BRING BACK SOE!
LUCEA, Hanover — Chairman of the Hanover Municipal Corporation Sheridan Samuels is calling for the return of the security forces-manned checkpoint at Orange Bay in the parish, which is under a state of public emergency (SOE).
The checkpoint, which was established when the SOE was introduced in the western parish on April 30, as part of the government’s crime-fighting initiative, was discontinued as of last week Wednesday.
A seemingly disappointed Samuels, who is also the mayor of Lucea, expressed disappointment at the removal of the checkpoint after Superintendent Sharon Beeput, the commanding officer for Hanover, disclosed at last Thursday’s monthly meeting of the Hanover Municipal Corporation, that the checkpoint no longer exists.
Mayor Samuels argued that the checkpoint was working for the parish. He expressed fear that “things might start happening”.
“…Let our voices be heard as it relates to this because it does not make any sense….. I am concerned.
I see where it was very important to have it down there (Orange Bay).

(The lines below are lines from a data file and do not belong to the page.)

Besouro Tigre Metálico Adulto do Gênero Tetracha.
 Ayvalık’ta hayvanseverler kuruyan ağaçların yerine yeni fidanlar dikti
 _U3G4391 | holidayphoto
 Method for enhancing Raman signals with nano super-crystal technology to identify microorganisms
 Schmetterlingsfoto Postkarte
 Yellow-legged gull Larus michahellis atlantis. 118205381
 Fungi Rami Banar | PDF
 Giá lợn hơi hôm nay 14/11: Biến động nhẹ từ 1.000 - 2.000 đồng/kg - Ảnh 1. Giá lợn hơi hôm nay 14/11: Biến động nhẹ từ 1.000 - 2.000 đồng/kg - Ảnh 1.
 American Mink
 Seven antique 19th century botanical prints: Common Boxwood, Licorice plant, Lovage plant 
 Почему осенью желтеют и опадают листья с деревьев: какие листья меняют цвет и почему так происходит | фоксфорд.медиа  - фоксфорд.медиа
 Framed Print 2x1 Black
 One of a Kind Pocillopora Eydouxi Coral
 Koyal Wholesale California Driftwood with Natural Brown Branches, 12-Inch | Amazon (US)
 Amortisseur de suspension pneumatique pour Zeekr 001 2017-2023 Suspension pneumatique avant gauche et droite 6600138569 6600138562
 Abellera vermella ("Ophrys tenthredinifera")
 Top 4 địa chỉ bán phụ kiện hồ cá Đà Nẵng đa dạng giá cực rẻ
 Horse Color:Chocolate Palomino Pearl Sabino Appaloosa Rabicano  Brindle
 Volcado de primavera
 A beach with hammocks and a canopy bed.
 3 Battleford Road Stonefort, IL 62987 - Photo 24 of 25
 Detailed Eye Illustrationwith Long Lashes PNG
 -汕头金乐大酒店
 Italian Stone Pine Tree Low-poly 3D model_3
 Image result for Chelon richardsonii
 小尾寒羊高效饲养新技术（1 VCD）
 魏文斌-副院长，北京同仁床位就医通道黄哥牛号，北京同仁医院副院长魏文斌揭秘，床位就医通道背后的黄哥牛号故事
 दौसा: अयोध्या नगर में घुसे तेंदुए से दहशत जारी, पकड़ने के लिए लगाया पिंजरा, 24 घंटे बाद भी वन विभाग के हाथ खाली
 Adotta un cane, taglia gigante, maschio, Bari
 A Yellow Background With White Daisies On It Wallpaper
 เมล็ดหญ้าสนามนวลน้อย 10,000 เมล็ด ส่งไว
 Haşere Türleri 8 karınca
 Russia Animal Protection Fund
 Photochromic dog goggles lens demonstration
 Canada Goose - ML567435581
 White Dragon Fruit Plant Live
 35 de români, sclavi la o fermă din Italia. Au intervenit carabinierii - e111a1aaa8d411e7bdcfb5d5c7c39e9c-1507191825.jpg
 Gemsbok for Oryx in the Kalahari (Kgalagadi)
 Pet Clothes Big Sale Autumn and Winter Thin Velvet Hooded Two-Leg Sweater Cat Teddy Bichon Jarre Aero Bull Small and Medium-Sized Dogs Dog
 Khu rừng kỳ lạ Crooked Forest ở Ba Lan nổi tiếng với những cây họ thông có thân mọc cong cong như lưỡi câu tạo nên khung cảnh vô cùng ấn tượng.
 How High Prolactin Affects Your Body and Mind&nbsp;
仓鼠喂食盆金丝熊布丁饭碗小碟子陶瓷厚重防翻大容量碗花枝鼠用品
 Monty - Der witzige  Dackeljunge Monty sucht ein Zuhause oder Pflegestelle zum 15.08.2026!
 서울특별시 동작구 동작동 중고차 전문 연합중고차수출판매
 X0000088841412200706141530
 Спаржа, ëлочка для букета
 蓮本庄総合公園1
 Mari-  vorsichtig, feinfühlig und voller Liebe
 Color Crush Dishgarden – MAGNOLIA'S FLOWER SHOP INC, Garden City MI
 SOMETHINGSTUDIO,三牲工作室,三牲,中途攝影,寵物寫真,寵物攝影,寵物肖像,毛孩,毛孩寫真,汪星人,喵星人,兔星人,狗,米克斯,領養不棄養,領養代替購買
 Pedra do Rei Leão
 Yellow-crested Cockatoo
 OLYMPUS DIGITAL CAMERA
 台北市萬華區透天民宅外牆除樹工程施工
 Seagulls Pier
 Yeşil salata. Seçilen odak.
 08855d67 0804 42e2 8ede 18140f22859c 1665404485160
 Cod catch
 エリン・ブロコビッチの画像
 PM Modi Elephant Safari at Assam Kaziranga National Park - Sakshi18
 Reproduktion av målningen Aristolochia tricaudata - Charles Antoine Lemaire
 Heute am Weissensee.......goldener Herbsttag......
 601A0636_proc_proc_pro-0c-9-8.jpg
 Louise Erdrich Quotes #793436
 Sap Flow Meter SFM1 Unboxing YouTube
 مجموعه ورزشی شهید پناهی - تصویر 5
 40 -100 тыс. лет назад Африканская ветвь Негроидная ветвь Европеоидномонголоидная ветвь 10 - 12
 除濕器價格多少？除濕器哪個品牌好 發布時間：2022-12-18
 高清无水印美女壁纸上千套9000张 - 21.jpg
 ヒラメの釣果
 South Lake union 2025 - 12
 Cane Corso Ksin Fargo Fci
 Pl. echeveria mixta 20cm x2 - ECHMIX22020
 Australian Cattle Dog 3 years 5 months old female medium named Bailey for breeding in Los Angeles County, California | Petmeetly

Now, it is gone from us and I know that things might start to happen,” he argued.
Mayor Samuels stressed that the removal of the checkpoint will greatly impact the parish. He said over the years, “this is the kind of disadvantage that the parish is faced with”.
“It is only Hanover alone. It is only Hanover alone and these are the things that happen to us. We lose things all the while. Scotiabank gone, and I can speak of so many other things that gone leave us. All the factories are gone. Why is it that they have to move the Orange Bay checkpoint alone? It would be much easier you move the one at Great River (in St James) then,” the mayor reasoned.
“We don’t have any in Hanover, and we seriously want it back down here. Mi not joking. We seriously want it back,” expressed a strident Samuels.
Superintendent Beeput later told the Jamaica Observer West that while the soldiers have been removed to from the checkpoint to elsewhere, the police will maintain its presence in the Orange Bay space. She said the police will have to do its best to avoid any problems in that area. She also added that while the soldiers and the resources have been shifted elsewhere other Jamaica Defence Force soldiers remain in the parish.
Superintendent Beeput, however, did not say where the resources have been shifted to.
The Green Island Police division in which Orange Bay falls, has in recent years recorded a number of homicides.
Since the implementation of the SOE, Hanover has seen a marked reduction in murders, when compared to the same period last year.
According to police figures as at July 12, Hanover had recorded a 33 per cent reduction in murders, when compared to the corresponding period in 2018.